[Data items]

================================

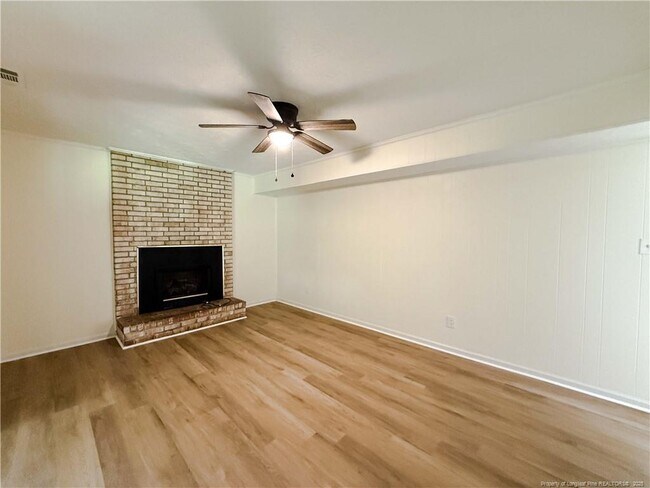 Building Photo - 7104 Tilton Ct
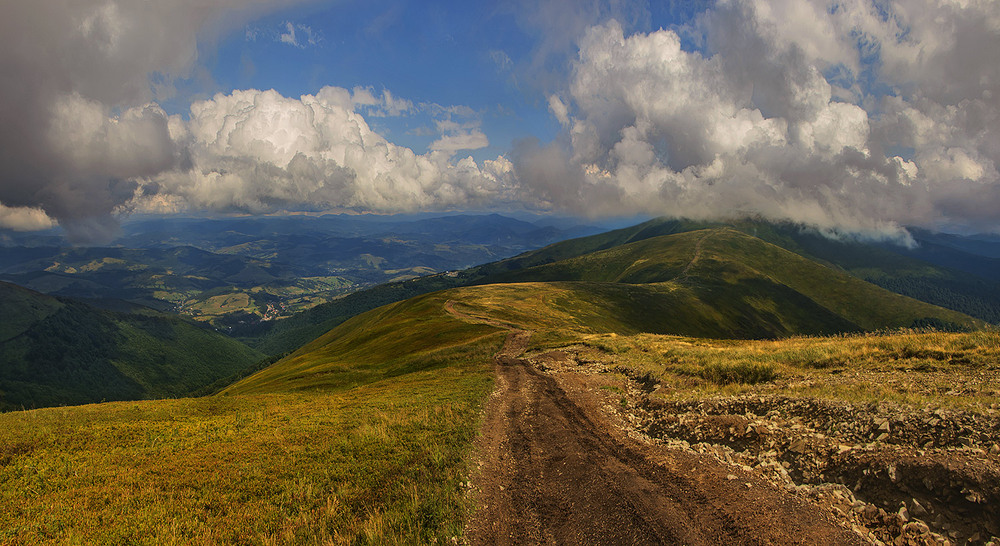 Фотографія Життя пропливає над мокрою Боржавою у вигляді величезних білих кучугур пари. А одна - зачепилася. / Юрій Максименко / photographers.ua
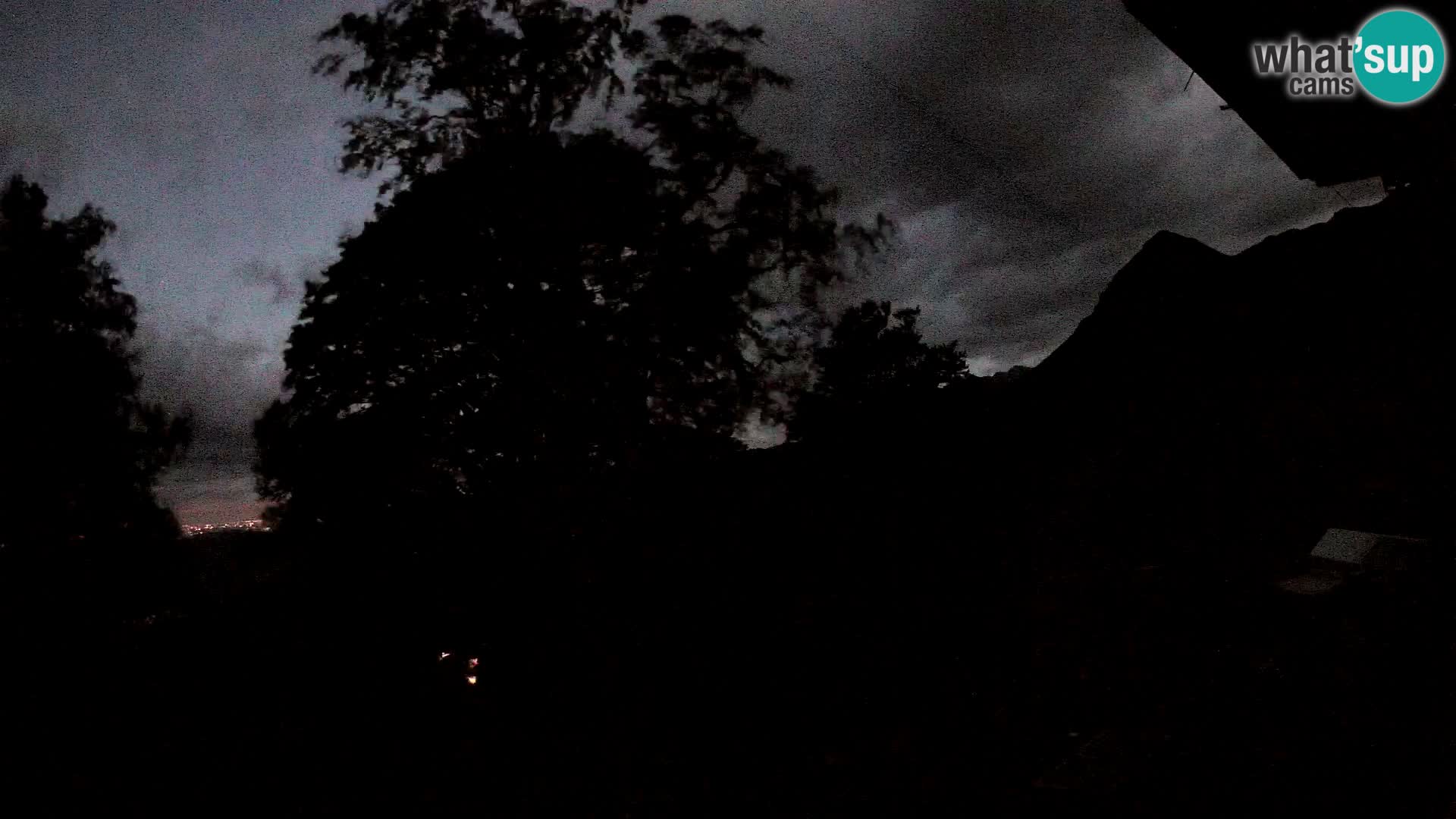 Cámara en vivo de la cabaña de montaña Planina Razor (1315) | vista hacia Tolminski Migovec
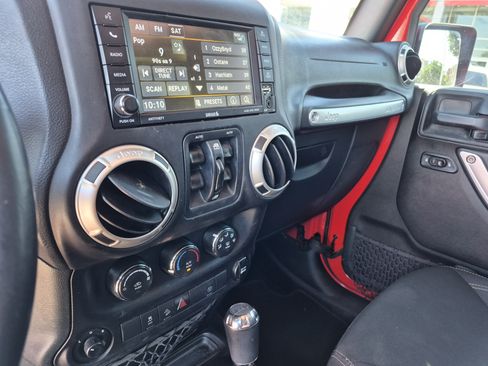 Used 2018 Jeep Wrangler Unlimited Sahara AWD/4WD image 11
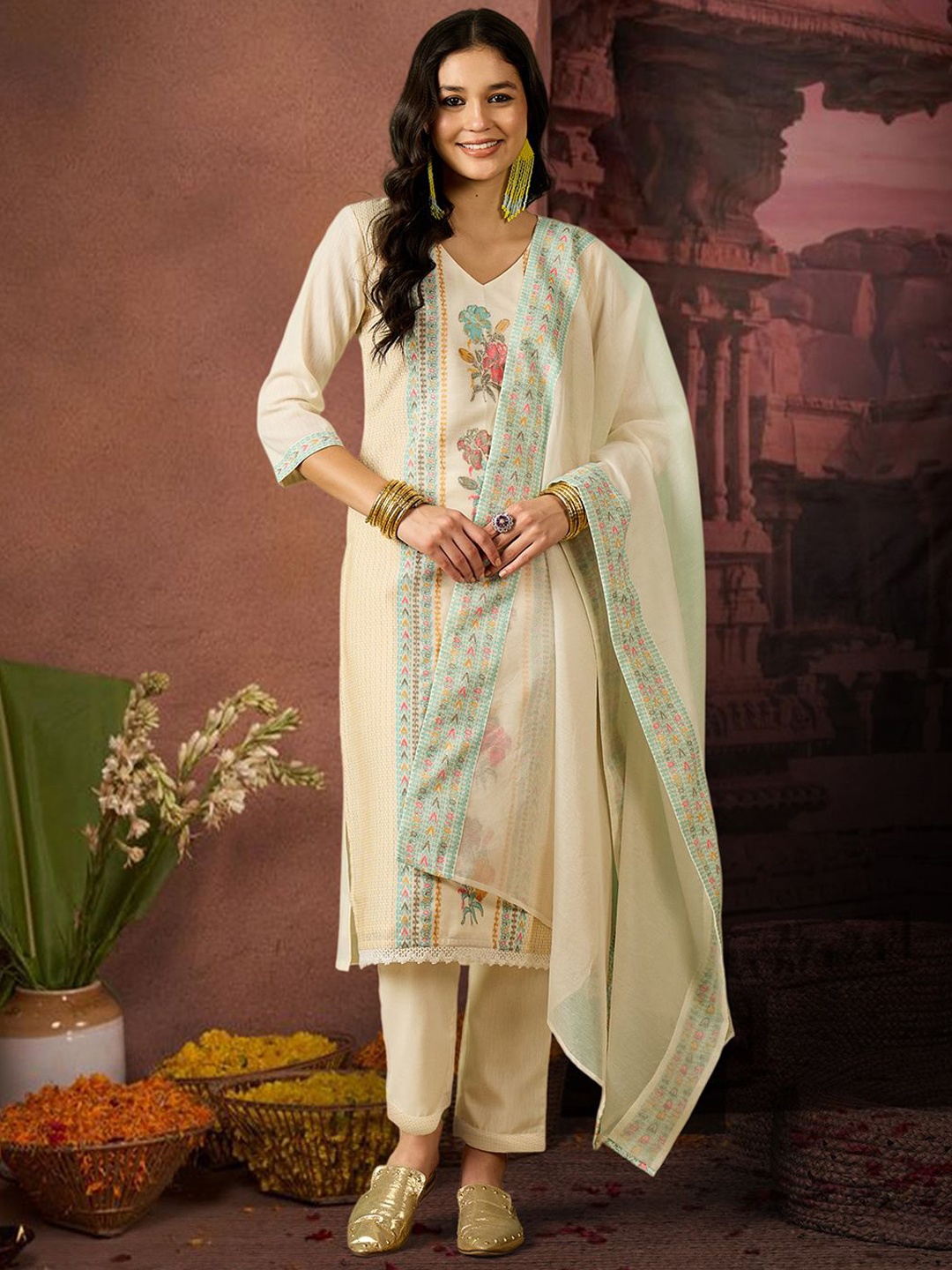 Anouk Floral Woven Design V-Neck Aari Work Jacquard Straight Kurta With Trousers & Dupatta, Off white
Anouk Floral Woven Design V-Neck Aari Work Jacquard Straight Kurta With Trousers & Dupatta, Off white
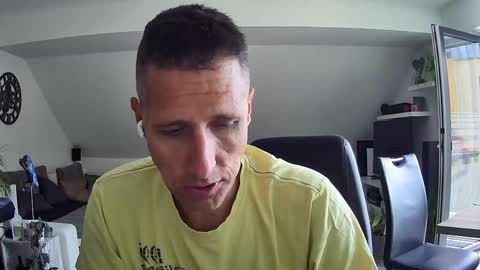 Snapshot of schnuckigeil chatting on 06-02-26, 10:39 Dildomen online show from 06-02-26, 10:39
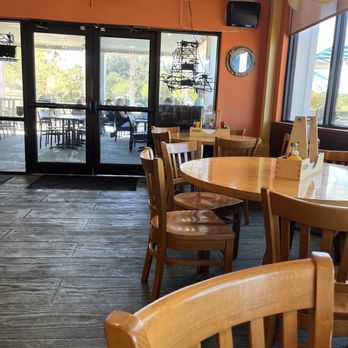 Crabby's On The Lakefront - Views on early Saturday - Seafood Near Me - Saint Cloud, Florida Crabby's On The Lakefront - Views on early Saturday - Seafood Near Me - Saint Cloud, Florida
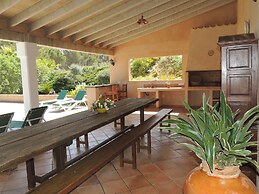 Charming Villa With Pool in Algaida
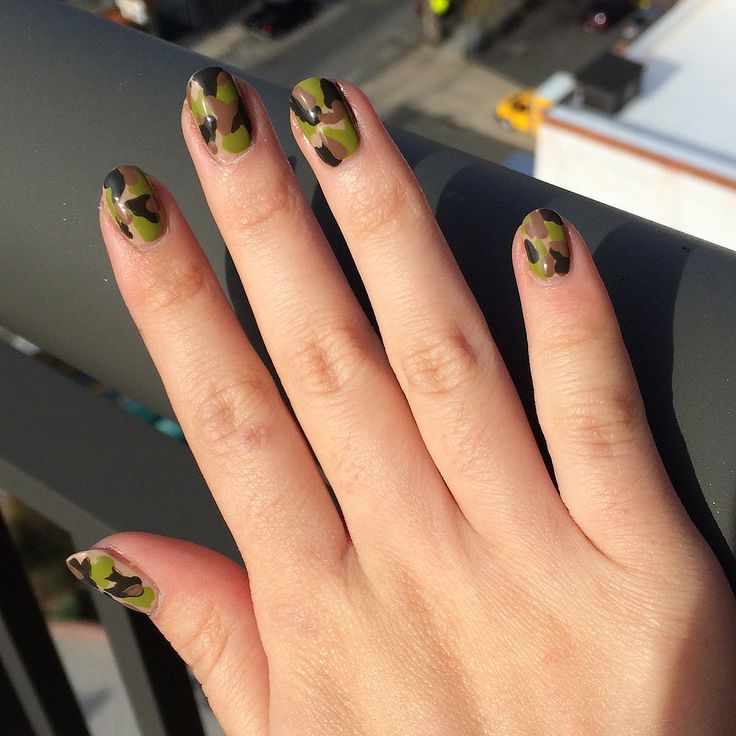 военный маникюр цвета хаки military manicure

================================

▸ Your instructions: Output, exactly and without pictures, the span of lines that starts at the line containing "Snapshot of schnuckigeil" and ends at the last line above.

▸ Task response:
 Snapshot of schnuckigeil chatting on 06-02-26, 10:39 Dildomen online show from 06-02-26, 10:39
 Crabby's On The Lakefront - Views on early Saturday - Seafood Near Me - Saint Cloud, Florida Crabby's On The Lakefront - Views on early Saturday - Seafood Near Me - Saint Cloud, Florida
 Charming Villa With Pool in Algaida
 военный маникюр цвета хаки military manicure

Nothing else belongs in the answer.